Thursday, May 3, 2012

Tired

Not pregnancy tired, or sleepy tired (even though I haven't got that much sleep the past few nights), but tired of living in two different places.  Tired of spending Monday thru Friday looking forward to the weekend so I can see my sweetie.  Not that everyone else doesn't look forward to the weekends; everyone enjoys the two days off.  But I'm tired of feeling slightly anxious/on edge, feeling like I'm just killing time.  I feel restless & edgy.  It sucks.  I'm not normally an anxious person (and it sucks!).  I spend the week looking forward to the weekend, and half the weekend dreading the upcoming week.  We were not meant to live like this.  Sometimes I think it would be easier if we didn't see each other on the weekends.  I think I could get used to being gone, but it's unsettling to go back & forth, never really feeling like you belong anywhere.

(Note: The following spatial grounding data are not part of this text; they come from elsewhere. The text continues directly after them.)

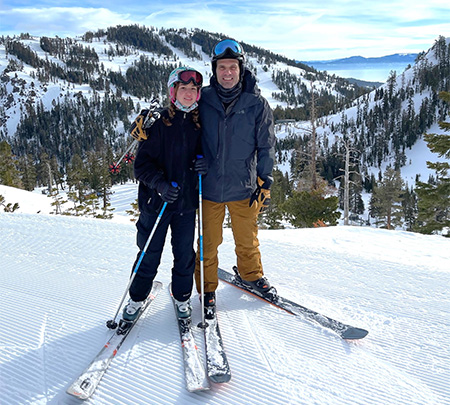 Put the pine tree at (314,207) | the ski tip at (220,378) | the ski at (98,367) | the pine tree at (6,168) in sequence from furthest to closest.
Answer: the pine tree at (6,168) → the pine tree at (314,207) → the ski tip at (220,378) → the ski at (98,367)

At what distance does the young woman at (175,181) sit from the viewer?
275cm

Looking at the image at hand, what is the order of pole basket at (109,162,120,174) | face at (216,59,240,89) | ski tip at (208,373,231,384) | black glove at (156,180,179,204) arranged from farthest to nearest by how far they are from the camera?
1. pole basket at (109,162,120,174)
2. face at (216,59,240,89)
3. black glove at (156,180,179,204)
4. ski tip at (208,373,231,384)

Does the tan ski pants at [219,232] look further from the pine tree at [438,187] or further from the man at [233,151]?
the pine tree at [438,187]

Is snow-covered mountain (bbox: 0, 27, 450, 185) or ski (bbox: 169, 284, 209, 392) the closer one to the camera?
ski (bbox: 169, 284, 209, 392)

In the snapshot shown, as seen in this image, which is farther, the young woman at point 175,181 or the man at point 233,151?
the man at point 233,151

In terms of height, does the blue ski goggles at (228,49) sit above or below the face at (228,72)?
above

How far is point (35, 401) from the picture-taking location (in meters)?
2.25

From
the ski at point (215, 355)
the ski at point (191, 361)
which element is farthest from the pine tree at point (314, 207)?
the ski at point (191, 361)

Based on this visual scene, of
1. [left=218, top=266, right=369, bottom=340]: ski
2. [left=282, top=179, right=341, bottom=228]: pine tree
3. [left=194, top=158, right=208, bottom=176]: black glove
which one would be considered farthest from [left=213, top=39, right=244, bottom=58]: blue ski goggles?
[left=282, top=179, right=341, bottom=228]: pine tree

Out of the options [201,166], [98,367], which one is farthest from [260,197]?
[98,367]

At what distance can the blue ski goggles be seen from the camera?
111 inches

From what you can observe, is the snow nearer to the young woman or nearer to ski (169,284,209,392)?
ski (169,284,209,392)

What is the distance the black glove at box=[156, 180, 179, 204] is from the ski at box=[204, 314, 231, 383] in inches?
47.3

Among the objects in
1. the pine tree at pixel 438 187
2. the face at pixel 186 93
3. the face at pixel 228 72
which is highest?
the face at pixel 228 72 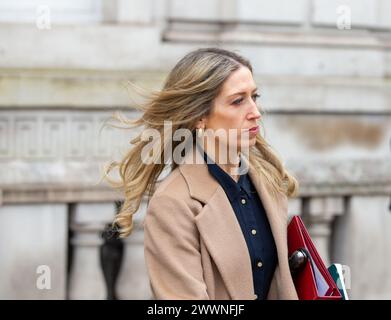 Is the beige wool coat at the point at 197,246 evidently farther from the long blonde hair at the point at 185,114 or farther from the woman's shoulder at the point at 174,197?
the long blonde hair at the point at 185,114

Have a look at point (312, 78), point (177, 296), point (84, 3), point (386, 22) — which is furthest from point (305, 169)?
point (177, 296)

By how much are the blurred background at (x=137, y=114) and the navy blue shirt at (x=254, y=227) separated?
3480 mm

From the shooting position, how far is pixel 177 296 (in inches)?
150

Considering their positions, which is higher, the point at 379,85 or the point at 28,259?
the point at 379,85

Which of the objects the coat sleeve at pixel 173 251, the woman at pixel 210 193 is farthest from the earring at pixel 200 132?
the coat sleeve at pixel 173 251

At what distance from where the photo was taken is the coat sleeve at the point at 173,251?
3807mm

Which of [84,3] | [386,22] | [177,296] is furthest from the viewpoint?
[386,22]

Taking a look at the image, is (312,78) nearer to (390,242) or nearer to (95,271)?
(390,242)

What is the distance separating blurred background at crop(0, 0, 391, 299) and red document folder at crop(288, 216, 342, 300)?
338 centimetres

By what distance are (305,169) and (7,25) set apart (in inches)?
93.4

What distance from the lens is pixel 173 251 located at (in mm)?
3844

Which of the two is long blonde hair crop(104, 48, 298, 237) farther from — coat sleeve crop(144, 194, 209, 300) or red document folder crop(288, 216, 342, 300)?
coat sleeve crop(144, 194, 209, 300)

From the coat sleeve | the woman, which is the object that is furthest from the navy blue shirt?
the coat sleeve

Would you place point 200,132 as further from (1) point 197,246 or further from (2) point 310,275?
(2) point 310,275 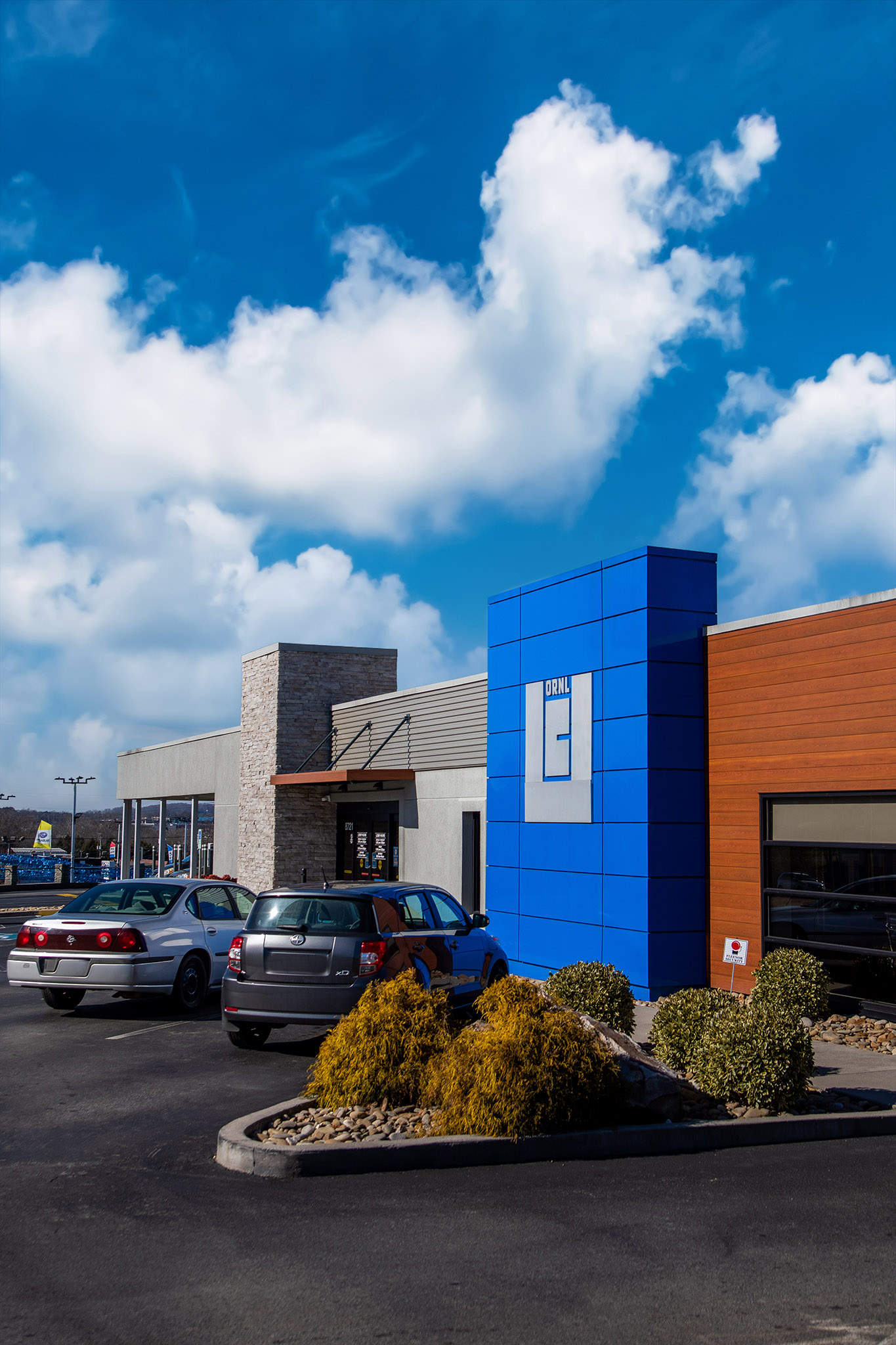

I live in someone else's house mon-fri, and I'm basically visiting someone else on the weekends.  It's disconcerting.  Blah.  I think I'll just chalk it up to pregnancy hormones & call it good.  No use wasting time moping about something that's not going to change.  Time to find some way to look at the bright side of things.  Not sure what that is at the moment, but I'm sure there's a blessing in all of this.  And my two favorite sayings are always helpful.
"Life's a bitch and then you die", and "everything works out in the end.  If it's not ok, it's not the end, cuz everything works out it the end".

Real uplifting, and a wonderful example of circular logic, but they pretty much apply to any situation & it's my way of accepting & dealing with the daily sh*t.  My own blend of realism and optimism.